Padre Zacharie Bukuru

«Assim continua o testemunho dos 40 jovens mártires de Buta»

«Se não tivéssemos perdoado, estaríamos mortos no coração». Da chacina de seus alunos ao caminho que o levou a fundar o primeiro mosteiro masculino no Burúndi, onde hoje educam os jovens ao trabalho e à paz. Quem fala é padre Zacharie Bukuri
Luca Fiore

«Para sair disso tive de fazer um caminho de memória». Assim fala padre Zacharie Bukuru, já reitor do Seminário Menor de Buta, no Burúndi, pensando nas consequências nele da chacina de quarenta alunos seus em 30 de abril de 1997. «Comecei a pensar nos anos que tinham antecedido o ataque. E o Senhor tinha-nos preparado. Era dez anos que nos estava preparando. Tinha-nos dado muitos sinais. Tinha-nos falado na oração. O que aconteceu foi algo que supera a compreensão huana: parece inconcebível que um fato do gênero possa ser vivido na alegria».

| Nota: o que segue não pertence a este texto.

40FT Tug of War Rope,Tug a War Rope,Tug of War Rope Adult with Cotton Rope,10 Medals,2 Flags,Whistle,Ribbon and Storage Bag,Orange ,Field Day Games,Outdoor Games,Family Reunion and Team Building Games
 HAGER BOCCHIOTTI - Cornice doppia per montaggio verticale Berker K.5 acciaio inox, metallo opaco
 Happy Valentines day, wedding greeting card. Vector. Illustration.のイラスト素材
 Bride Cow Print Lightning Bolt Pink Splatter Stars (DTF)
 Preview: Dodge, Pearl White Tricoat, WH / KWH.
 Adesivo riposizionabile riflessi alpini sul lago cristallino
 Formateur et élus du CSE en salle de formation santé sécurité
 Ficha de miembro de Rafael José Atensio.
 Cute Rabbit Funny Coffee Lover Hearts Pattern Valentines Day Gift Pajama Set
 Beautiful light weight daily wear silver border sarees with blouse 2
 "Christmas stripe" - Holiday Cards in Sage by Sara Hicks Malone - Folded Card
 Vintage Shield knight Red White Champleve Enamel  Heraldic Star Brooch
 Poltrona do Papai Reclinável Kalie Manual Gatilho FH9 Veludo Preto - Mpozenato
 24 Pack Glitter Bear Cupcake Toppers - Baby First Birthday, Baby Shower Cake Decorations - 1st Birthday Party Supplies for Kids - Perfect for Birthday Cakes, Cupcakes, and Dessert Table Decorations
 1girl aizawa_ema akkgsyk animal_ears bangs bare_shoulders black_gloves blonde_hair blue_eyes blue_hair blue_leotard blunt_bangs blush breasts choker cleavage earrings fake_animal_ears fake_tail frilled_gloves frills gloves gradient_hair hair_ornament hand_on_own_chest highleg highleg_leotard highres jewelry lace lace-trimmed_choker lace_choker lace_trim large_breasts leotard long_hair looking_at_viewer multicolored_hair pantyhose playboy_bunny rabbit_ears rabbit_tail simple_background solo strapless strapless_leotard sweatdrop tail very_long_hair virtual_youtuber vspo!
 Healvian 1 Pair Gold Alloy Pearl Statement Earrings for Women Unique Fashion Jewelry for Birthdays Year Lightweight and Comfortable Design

Inconcebível, mesmo. Porque a sequência dos fatos era esta: eram 5h30 da manhã, um grupo de dois mil rebeldes hutus chegou ao seminário, onde os 250 alunos ainda estavam dormindo em dois dormitórios. Num estavam os menores, de 13 a 15 anos; no outro, aqueles com até 24 anos. Os militares entraram neste último e ordenaram: «Os hutus de um lado, os tutsis de outro». Mas os meninos não obedeceram. Deram-se as mãos. Alguém disse: «Somos todos burundeses, somos todos filhos de Deus». Primeiro uma série de tiros de kalashnikov, depois uma granada. Foi um massacre. Alguns sobreviventes contaram que ouviram algum companheiro dizendo em voz alta: «Senhor, perdoai-lhes, porque não sabem o que fazem». Foi um dos episódios mais trágicos da guerra civil entre hutus e tutsis que marcou o país entre 1993 e 2005 e que matou mais de 300 mil pessoas. Hoje a igreja do seminário virou o Santuário de Santa Maria da Paz, onde repousam “os 40 mártires da irmandade” de Buta, meta de peregrinação para milhares de burundeses.

Os túmulos dos 40 mártires de Buta

O padre Zacharie esteve em Bérgamo nas últimas semanas para encontrar os estudantes do Liceu Santo Alessandro de Bérgamo que estão trabalhando na tradução do livro Os quarenta jovens mártires de Buta, em que conta sua experiência antes e depois do martírio de seus estudantes. «No começo eu não tive tempo para parar um pouco. Eu precisava enterrar os mortos, cuidar dos sobreviventes, reconstruir os prédios destruídos: era o fim do ano letivo e eu não queria que ninguém perdesse o ano», explicou o sacerdote. «Eu trabalhei com todas as minhas forças para o seminário voltar a ser a casa de formação que tinha permitido aquele testemunho tão impressionante. Aqueles jovens mostraram a todo o Burúndi que o ódio, neles, não tinha vencido.»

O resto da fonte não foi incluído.